Warga keturunan Tionghoa membersihkan makam leluhurnya, menjelang peringatan Cheng Beng, di Pemakaman Gunung Sempu, Sembungan, Bangunjiwo, Kasihan, Rabu (27/3)./ Harian Jogja - Herlambang Jati Kusumo
02 April 2020 07:22 WIB Herlambang Jati Kusumo Jogja Share :

Harianjogja.com, JOGJA—Pelaksanaan Ceng Beng atau Qing Ming untuk menghormati leluhur yang dilaksanakan di rumah tidak akan mengurangi maknanya. Langkah ini ditempuh untuk mematui imbauan pemerintah demi memutus rantai penyebaran virus Corona. 

Secara umum, pelaksanaan Ceng Beng dilakukan keluarga keturunan Tionghoa dengan mengunjungi makam leluhur, membersihkan dan mengirim doa. Tahun ini Ceng Beng dan jatuh pada Minggu (5/3). “Melihat adanya Corona, pelaksanaan [Ceng Beng] di rumah saja, tidak mengurangi maknanya,” ujar Ketua Ketua I Jogja Chinees Arts & Culture Centre (JCACC), Jimmy Sutanto, Rabu (1/4).

Jimmy mengimbau kepada warga keturunan Tionghoa untuk mengirim doa untuk para leluhur dari rumah dan tidak membuat kerumunan sesuai anjuran dari pemerintah.  “Ceng Beng pada dasarnya untuk mengingat-ingat leluhur, dan rasa hormat. Kondisi saat ini kan luar biasa, semua pihak harus menjaga agar penyebaran virus tidak semakin luas,” ujarnya.

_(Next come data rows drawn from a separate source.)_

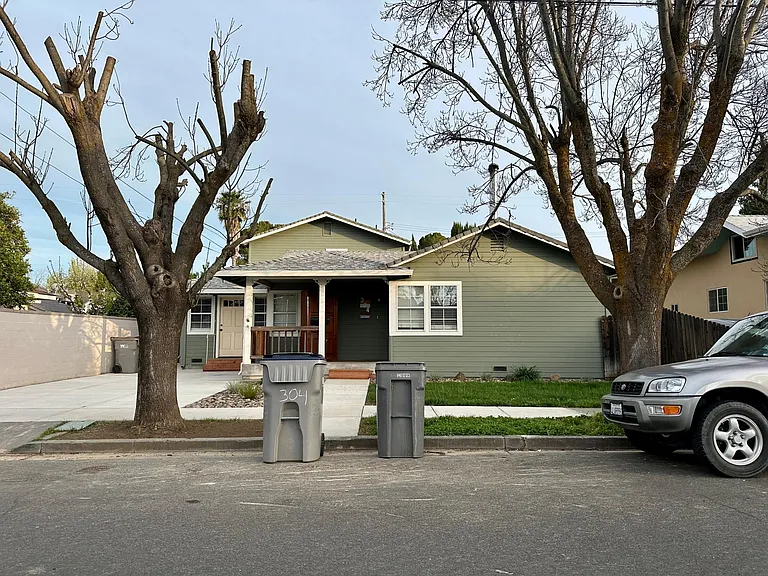 304 Edwards St — Photo 16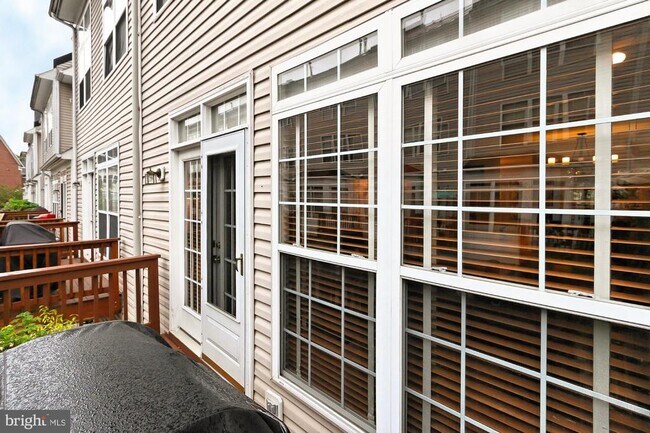 Building Photo - 265 Medlock Ln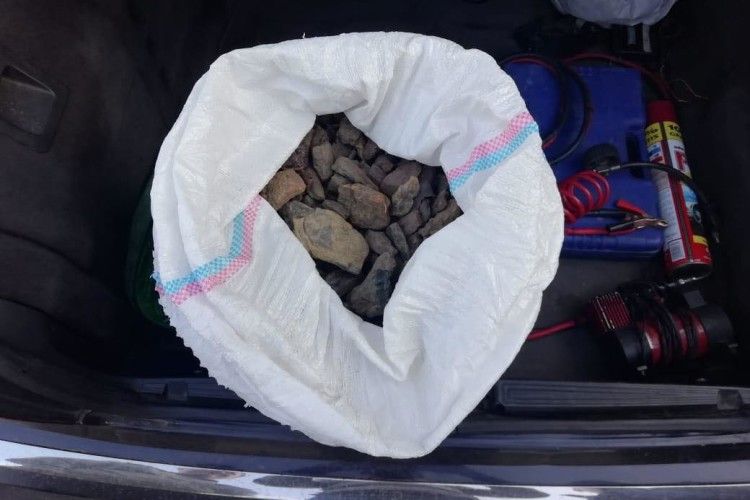 На Маневиччині у мешканця Рівненщини вилучили 20 кг незаконно видобутого бурштину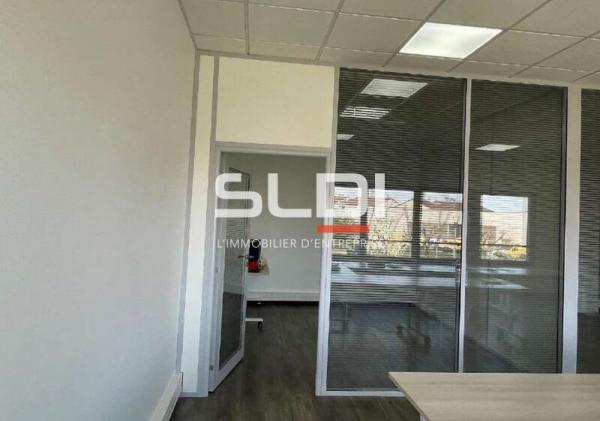 Activités A LOUER - SAINT QUENTIN FALLAVIER - 341 m²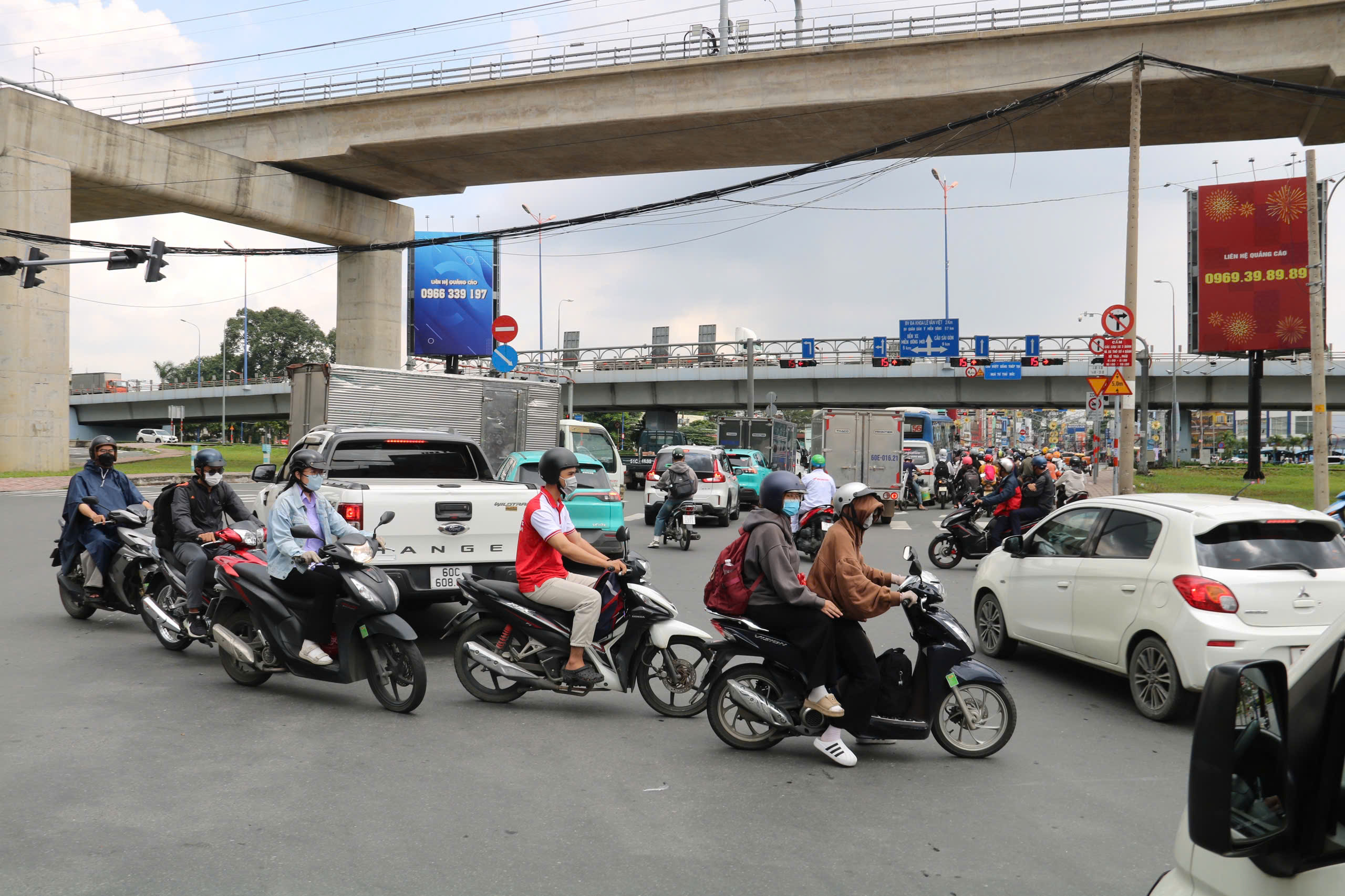 Điều chỉnh giao th&ocirc;ng ng&atilde; tư Thủ Đức: Giải tỏa &ldquo;điểm n&oacute;ng&rdquo; kẹt xe - Ảnh 5.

Hal senada juga diungkapkan Cici Jogja 2020, Catherine Presilia Gunawan yang mengatakan rencana Ceng Beng yang semula digelar di Gunung Sempu diundur. “Akan ditunda dulu karena kondisi yang tidak memungkinkan dan menunggu kebijakan selanjutnya,” ujar Catherine.

Sebelumnya, dia menjelaskan Ceng Beng adalah waktu bagi masyarakat keturunan Tionghoa berziarah ke makam leluhur untuk membersihkan dan sembayang atau berdoa. “Biasanya disertai dengan membawa makanan yang di sajikan dan menaburkan bungan di altar makam, hal ini sebagai bentuk penghormatan kepada para leluhur atau keluarga yang sudah meninggal,” ujarnya.

Dilansir dari tionghoa.info, menurut cerita rakyat, asal mula ziarah kubur atau tradisi Ceng Beng ini sudah berasal sejak jaman Dinasti Han (202 SM – 220 M). Perlahan tradisi ini mulai populer pada zaman Dinasti Tang (618-907), tepatnya pada masa kepemimpinan Kaisar Xuanzong. Namun penggunaan kertas yang diletakkan di atas kubur, sebagai tanda bahwa kubur sudah dibersihkan atau dikunjungi oleh keluarga, berawal dari zaman kekaisaran Zhu Yuan Zhang, pendiri Dinasti Ming (1368-1644M).